→ Records
Content starts

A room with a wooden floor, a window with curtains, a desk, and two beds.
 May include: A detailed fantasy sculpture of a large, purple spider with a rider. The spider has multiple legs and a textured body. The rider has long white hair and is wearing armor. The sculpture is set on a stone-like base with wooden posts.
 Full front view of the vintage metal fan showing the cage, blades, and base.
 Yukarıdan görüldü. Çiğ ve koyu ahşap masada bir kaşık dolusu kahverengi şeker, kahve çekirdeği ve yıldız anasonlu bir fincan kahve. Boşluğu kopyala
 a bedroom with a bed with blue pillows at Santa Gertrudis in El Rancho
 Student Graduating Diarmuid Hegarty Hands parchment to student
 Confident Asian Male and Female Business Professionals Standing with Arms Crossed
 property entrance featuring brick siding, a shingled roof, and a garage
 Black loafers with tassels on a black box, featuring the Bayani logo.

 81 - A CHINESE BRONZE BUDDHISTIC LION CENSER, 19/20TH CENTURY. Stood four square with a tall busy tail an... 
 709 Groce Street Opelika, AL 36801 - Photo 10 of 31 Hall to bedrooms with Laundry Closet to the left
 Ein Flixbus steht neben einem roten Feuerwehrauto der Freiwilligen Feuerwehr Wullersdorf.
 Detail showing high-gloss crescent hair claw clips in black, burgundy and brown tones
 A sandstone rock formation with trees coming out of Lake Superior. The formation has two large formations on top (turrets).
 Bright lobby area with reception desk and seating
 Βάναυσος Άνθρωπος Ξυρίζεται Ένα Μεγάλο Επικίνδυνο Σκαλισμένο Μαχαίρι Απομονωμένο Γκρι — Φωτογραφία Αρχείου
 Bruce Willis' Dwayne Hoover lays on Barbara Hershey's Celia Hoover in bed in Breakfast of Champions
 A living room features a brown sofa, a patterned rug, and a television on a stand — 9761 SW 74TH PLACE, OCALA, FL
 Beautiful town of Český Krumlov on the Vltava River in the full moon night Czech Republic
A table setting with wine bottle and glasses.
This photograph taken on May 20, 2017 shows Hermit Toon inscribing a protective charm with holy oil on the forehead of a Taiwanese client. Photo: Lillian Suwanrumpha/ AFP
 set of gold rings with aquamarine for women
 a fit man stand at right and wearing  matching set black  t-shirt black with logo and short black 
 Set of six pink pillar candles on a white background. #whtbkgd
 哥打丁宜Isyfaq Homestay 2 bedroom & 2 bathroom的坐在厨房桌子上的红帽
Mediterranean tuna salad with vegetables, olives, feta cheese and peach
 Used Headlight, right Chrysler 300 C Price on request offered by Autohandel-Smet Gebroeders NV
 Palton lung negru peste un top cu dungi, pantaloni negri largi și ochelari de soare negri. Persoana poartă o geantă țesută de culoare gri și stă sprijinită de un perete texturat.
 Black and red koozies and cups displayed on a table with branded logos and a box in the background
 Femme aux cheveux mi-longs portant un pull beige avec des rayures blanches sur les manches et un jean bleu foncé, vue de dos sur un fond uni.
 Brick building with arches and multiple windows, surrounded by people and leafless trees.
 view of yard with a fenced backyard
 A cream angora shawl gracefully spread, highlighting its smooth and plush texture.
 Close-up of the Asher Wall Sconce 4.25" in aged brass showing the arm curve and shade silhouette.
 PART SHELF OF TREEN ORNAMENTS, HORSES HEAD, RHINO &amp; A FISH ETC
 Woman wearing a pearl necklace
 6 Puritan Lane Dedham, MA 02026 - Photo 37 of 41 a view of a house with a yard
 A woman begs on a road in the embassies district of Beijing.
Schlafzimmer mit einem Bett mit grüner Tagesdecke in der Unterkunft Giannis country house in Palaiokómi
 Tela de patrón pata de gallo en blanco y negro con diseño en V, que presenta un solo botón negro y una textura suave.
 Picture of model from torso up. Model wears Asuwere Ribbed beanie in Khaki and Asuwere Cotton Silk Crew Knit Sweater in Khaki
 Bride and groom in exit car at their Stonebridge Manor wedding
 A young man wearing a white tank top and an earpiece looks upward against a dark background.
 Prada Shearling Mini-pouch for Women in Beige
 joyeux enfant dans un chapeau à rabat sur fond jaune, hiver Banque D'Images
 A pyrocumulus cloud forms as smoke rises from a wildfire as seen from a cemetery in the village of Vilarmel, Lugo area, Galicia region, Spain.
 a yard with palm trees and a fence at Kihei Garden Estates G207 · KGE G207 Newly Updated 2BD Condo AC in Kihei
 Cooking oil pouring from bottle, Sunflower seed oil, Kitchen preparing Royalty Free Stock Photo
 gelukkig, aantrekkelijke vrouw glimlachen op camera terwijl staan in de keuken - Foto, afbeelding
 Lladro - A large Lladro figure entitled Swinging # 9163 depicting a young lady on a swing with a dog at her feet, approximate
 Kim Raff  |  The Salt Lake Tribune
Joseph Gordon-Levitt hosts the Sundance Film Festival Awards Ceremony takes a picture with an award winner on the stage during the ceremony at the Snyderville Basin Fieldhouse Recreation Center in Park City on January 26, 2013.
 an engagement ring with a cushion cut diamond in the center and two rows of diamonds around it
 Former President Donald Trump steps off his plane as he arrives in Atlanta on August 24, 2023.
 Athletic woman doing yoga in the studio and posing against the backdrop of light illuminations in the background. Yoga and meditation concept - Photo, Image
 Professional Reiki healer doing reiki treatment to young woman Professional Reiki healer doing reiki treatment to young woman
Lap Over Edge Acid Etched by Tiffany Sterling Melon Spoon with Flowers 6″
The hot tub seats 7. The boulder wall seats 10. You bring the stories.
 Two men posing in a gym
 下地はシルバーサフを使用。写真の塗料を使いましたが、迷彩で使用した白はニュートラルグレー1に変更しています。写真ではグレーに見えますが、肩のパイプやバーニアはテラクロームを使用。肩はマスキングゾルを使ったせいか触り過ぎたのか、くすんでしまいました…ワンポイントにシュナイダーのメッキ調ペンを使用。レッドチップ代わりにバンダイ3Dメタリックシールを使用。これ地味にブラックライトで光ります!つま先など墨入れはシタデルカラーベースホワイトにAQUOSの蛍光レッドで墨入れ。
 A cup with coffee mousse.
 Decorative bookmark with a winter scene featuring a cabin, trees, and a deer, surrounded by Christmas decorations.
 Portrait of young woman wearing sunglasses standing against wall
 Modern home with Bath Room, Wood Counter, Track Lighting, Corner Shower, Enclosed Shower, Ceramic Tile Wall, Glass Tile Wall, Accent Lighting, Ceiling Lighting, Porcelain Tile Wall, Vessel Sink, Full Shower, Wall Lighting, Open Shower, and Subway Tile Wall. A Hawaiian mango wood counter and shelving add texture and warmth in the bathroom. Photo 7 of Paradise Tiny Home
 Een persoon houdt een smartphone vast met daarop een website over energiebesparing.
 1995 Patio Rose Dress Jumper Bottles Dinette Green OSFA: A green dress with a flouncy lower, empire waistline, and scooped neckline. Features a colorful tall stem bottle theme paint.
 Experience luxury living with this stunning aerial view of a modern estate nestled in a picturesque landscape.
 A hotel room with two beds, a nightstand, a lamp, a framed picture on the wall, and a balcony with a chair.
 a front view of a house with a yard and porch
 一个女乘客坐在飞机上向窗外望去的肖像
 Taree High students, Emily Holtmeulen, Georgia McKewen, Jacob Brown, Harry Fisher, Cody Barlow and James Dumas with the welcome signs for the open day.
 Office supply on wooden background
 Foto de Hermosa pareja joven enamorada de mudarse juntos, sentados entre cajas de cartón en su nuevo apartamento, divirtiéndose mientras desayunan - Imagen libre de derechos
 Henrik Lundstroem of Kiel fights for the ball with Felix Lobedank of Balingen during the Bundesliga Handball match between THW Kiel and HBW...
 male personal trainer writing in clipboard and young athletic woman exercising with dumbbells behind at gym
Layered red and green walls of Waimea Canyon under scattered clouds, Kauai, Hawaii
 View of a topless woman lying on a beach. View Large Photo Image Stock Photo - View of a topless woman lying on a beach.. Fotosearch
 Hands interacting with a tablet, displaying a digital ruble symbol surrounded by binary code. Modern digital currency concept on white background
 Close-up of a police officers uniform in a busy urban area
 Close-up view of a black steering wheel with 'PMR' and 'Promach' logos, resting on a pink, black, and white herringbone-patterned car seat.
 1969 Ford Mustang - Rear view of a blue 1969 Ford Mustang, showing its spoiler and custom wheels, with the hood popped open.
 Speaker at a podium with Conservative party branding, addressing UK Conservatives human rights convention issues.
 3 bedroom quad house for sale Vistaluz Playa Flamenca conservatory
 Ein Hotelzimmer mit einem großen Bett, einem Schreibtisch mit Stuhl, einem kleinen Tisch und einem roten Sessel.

Content ends

Everything in the material above from the line that has "709 Groce Street" through the line that has "set of gold rings with aquamarine for women" must be duplicated exactly, with no other lines given.

 709 Groce Street Opelika, AL 36801 - Photo 10 of 31 Hall to bedrooms with Laundry Closet to the left
 Ein Flixbus steht neben einem roten Feuerwehrauto der Freiwilligen Feuerwehr Wullersdorf.
 Detail showing high-gloss crescent hair claw clips in black, burgundy and brown tones
 A sandstone rock formation with trees coming out of Lake Superior. The formation has two large formations on top (turrets).
 Bright lobby area with reception desk and seating
 Βάναυσος Άνθρωπος Ξυρίζεται Ένα Μεγάλο Επικίνδυνο Σκαλισμένο Μαχαίρι Απομονωμένο Γκρι — Φωτογραφία Αρχείου
 Bruce Willis' Dwayne Hoover lays on Barbara Hershey's Celia Hoover in bed in Breakfast of Champions
 A living room features a brown sofa, a patterned rug, and a television on a stand — 9761 SW 74TH PLACE, OCALA, FL
 Beautiful town of Český Krumlov on the Vltava River in the full moon night Czech Republic
A table setting with wine bottle and glasses.
This photograph taken on May 20, 2017 shows Hermit Toon inscribing a protective charm with holy oil on the forehead of a Taiwanese client. Photo: Lillian Suwanrumpha/ AFP
 set of gold rings with aquamarine for women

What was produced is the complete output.